Title : CARD-LinkML: Connecting the dots to develop frameworks for multicomponent antibiotic resistance
Abstract:
Antibiotic resistance is a complex problem with many interwoven concepts, spanning from individual drug-to-gene interactions to entire gene clusters working in tandem to evade antibiotics. The Comprehensive Antibiotic Resistance Database (CARD) represents individual antimicrobial resistance (AMR) genes using bioinformatic models, each storing the necessary sequence information and uses ontologies to characterize the overall resistance profile. These models are used alongside the Resistance Gene Identifier (RGI) software to report observed antibiotic resistance genes (ARGs) for given sequencing or assembly data. However, some AMR gene families comprise multiple components, whose combined impact leads to phenotypic resistance. Such gene families include glycopeptide resistance gene clusters, such as VanA in Enterococcus faecium, and eflux pump complexes, such as Mex in Pseudomonas aeruginosa. Currently, RGI can only detect individual components of AMR and cannot assess further functional relevance without properly connecting them back to their respective gene clusters or eflux pumps.

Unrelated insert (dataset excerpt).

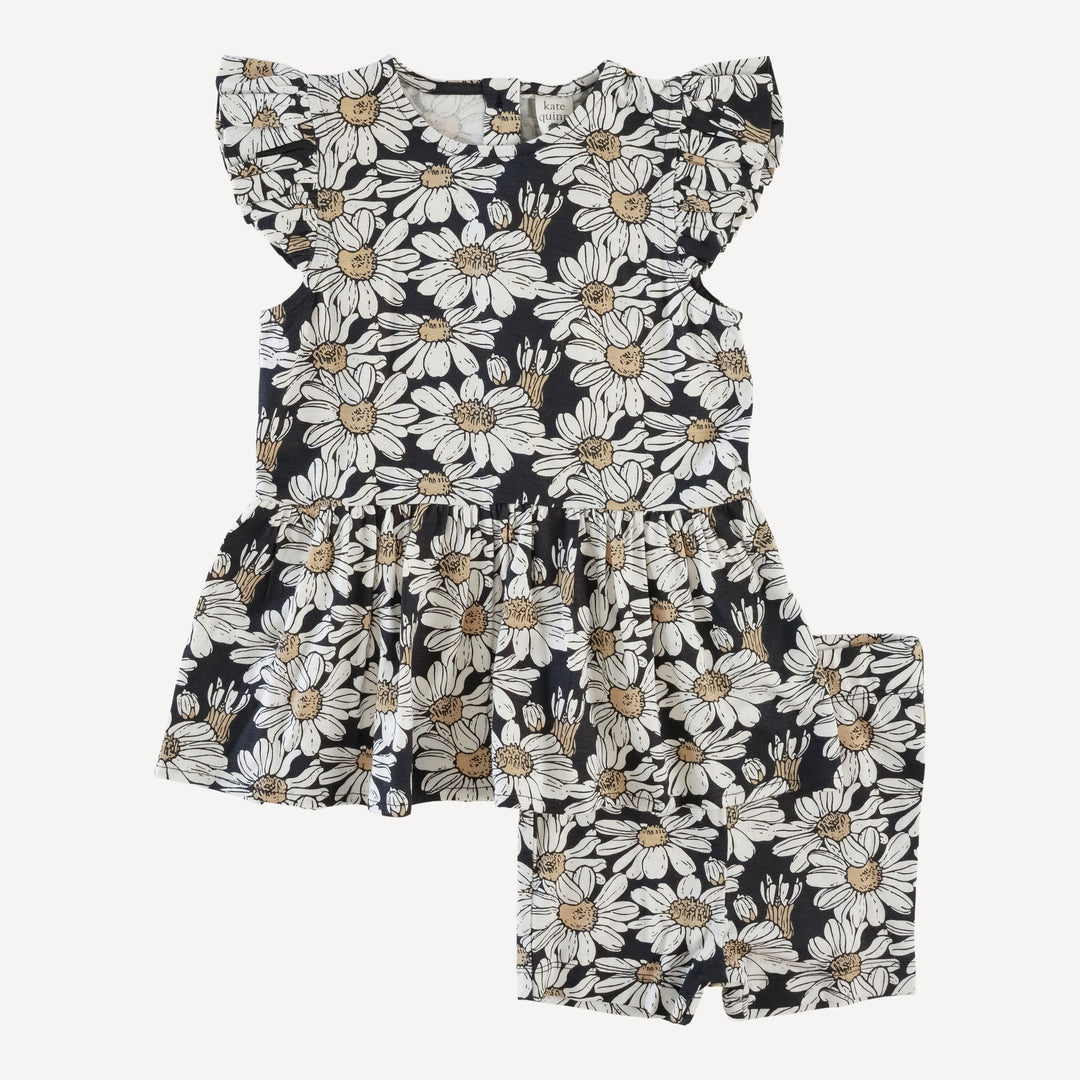 flutter sleeve top + short set | northwest daisy | lenzing modal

To resolve the gap, we began developing CARD-LinkML, leveraging the Linked Data Modelling Language (LinkML) to standardize the data structure for multicomponent systems for resistance. A schema written in LinkML uses classes representing overarching categories. Each class contains parameters that specify data and accepted data types, such as strings or identifiers. The developing CARD-LinkML module can perform two overarching functions. The first converts the existing CARD reference data into a schema where LinkML classes represent multicomponent gene clusters or eflux pumps. Parameters for each class include the necessary reference accession identifiers or values that characterize the resistance profile of each AMR gene. Further, we can connect the required components that make up a gene cluster or eflux pump by leveraging the underlying CARD ontology, each represented by separate LinkML classes. The second component takes RGI results into a LinkML-compatible YAML format where observed AMR genes are clustered into their respective multicomponent gene clusters or eflux pumps. Values from RGI are cross-referenced to classes in the reference schema, enabling functional assessment of the observed cluster or eflux pump based on observed AMR components.
By leveraging the LinkML schema as a tether connecting observed ARGs to their likely functional relevance, we hope to expand the RGI suite and then develop tools to aid in interpreting RGI results for more nuanced biology as observed in multicomponent systems.